OBSERVATIONS: Saved by the dollar. Or rather the weakness of the US currency, which lifted world commodity markets overall, even the fundamentally weak ones like the local palm oil futures market.

The Kuala Lumpur CPO futures market tumbled in early trade in the wake of the Malaysian Palm Oil Board’s (MPOB) report that, as a result of a record high production in October of 1,985,855 tonnes of palm oil, end-October 2009 stocks burgeoned to a 10-month high of 1,974,462 tonnes, way above market expectations of between 1.75 million to 1.80 million tonnes.

The actively-traded January 2010 contract slid at first to a low of RM2,215 a tonne. But that was before the weak dollar came to the rescue, lifting it to a high of RM2,285. The contract settled last Friday of RM2268, eking out a RM22 or 0.98 per cent gain over the week.

The actively-traded US soyabean oil futures December 2009 contract, by contrast, surged 184 points or 5.0 per cent to close at 38.61 US cents a pound. But it had a positive knock-on effect on the local market, saving the latter from falling into negative price territory.

What the weakness of the US dollar did was give a boost to world asset price inflation. Gold surged to unprecedented highs above US$1,100 an ounce. World currencies, most notably the euro and the yen, surged against the dollar; and world equity markets also benefited.

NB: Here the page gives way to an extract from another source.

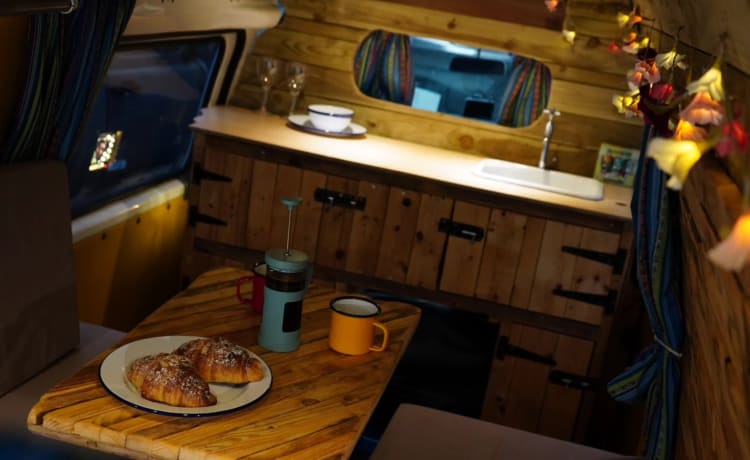 Kashtan  – Beautiful Quirky Camper  - heated - insurance included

Crude oil was the notable loser; the Chicago Mercantile Exchange December 2009 oil futures fell US$1.08 to US$76.35 a barrel over the week, but that’s because there’s no shortage in supply of the black goo to meet world demand.

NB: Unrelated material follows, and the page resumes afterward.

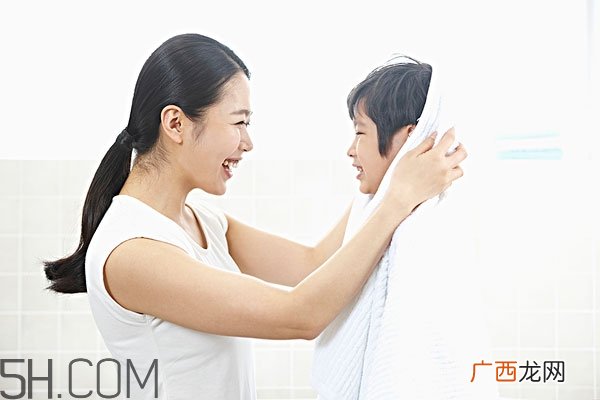 冬天洗澡没有浴霸怎么办 暖暖洗澡的小技巧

Conclusion: This market now is held hostage by external factors, in particular the fate of the US dollar.

The technicals – particularly the volume indicators – are still indicating that, if not for weakness in the US dollar and consequent bullishness in the bellwether US soyabean oil futures market, this market would not be near where it is now.

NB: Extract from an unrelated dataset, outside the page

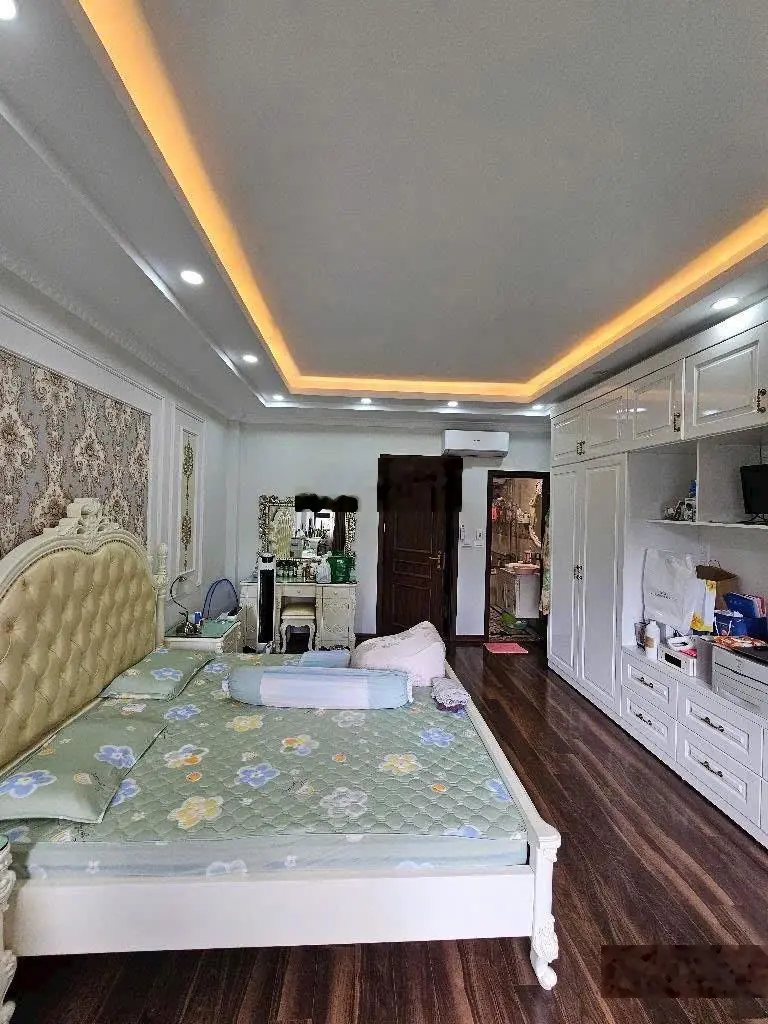 Bán nhà 7 tầng, thang máy, mt4m, diện tích 40m2, ô tô tránh, vìa hè, TĐC Giang Biên, 12.5 tỷ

THE BAR AND VOLUME CHART: This is the daily high, low and settlement prices of the most actively traded basis month of the crude palm oil futures contract. Basically, rising prices accompanied by rising volumes would indicate a bull market.

THE MOMENTUM INDEX: This line plots the short/medium-term direction of the market and may be interpreted as follows:
(a) The market is in an upward direction when the line closes above the neutral straight line and is in a downward direction when the reverse is the case.

(b) A loss in the momentum of the line (divergence) when prices are still heading up or down normally indicates that the market could expect a technical correction or a reversal in the near future.

THE RELATIVE STRENGTH INDEX: This indicator is most useful when plotted in conjunction with a daily bar chart and may be interpreted as follows:
(a) Overbought and oversold positions are indicated when the index goes above or below the upper and lower dotted lines.
(b) Support and resistance often show up clearly before becoming apparent on the bar chart.
(c) Divergence between the index and price action on the chart is a very strong indication
that a market turning point is imminent.

The subject expressed above is based purely on technical analysis and opinions of the writer. It is not a solicitation to buy or sell.